The rapid buildout of AI data centers is drawing trillions in infrastructure investment, but it is facing growing pushback over electricity costs, water use, noise and transparency. Michigan AG Dana Nessel is challenging approval of a major project near Ann Arbor, highlighting potential ratepayer costs and contract disclosure issues. DigitalBridge says the industry must work more closely with local communities to sustain the expansion.
The market is still treating AI infrastructure as a secular capex winner, but the first-order enthusiasm is now running into a classic regulated-utility problem: the upside accrues to developers and equipment vendors, while the downside can migrate to captive local ratepayers if load growth disappoints. That asymmetry raises the probability of slower permitting, more onerous interconnection terms, and contract disclosure requirements, all of which stretch project IRRs and can delay revenue recognition by quarters to years. For DBRG, that means the equity story increasingly depends on financing and entitlement execution rather than just demand for compute real estate.

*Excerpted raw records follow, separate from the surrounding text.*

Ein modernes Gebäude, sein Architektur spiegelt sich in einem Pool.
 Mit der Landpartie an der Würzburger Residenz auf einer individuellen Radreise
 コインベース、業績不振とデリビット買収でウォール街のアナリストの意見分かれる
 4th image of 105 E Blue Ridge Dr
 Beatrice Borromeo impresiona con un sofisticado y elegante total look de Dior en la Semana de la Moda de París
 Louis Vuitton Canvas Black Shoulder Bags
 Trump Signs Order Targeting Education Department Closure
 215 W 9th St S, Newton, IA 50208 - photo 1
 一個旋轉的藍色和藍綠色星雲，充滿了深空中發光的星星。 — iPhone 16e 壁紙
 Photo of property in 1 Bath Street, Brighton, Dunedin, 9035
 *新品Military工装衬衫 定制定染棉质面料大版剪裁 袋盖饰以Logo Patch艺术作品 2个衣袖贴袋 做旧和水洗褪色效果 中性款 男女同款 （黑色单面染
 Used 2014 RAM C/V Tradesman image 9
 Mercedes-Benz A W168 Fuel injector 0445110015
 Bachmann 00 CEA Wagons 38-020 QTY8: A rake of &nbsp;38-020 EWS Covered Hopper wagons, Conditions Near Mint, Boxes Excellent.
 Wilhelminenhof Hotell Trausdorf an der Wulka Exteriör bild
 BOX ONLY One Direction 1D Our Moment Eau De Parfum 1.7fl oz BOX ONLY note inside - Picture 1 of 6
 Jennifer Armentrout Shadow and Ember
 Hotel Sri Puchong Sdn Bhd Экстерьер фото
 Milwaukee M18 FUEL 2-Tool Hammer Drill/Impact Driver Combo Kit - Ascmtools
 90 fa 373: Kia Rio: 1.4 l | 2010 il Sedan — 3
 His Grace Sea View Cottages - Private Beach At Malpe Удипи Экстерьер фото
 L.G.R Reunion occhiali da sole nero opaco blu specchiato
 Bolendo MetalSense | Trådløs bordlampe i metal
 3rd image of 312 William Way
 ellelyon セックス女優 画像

Second-order beneficiaries are likely to be the picks-and-shovels with diversified exposure and pricing power: grid equipment, power transmission, gas peakers, and water/reuse vendors. If communities force data-center operators to internalize power and water costs, marginal projects become less attractive and hyperscalers will favor locations with existing generation, brownfield assets, or behind-the-meter solutions. That should compress the universe of viable sites and concentrate wins among operators with local political capital and balance-sheet flexibility.
The key risk is not demand collapsing overnight; it is a long-duration repricing of the growth curve as local pushback compounds into regulatory friction. Over 3-12 months, that can show up as slower lease-up, higher project cap rates, and more expensive debt for infrastructure platforms exposed to speculative AI demand. The contrarian point is that backlash may actually improve the sector’s economics by culling weak projects and protecting pricing for scarce, permitted capacity — but only for the best-connected owners; everyone else faces a higher cost of capital.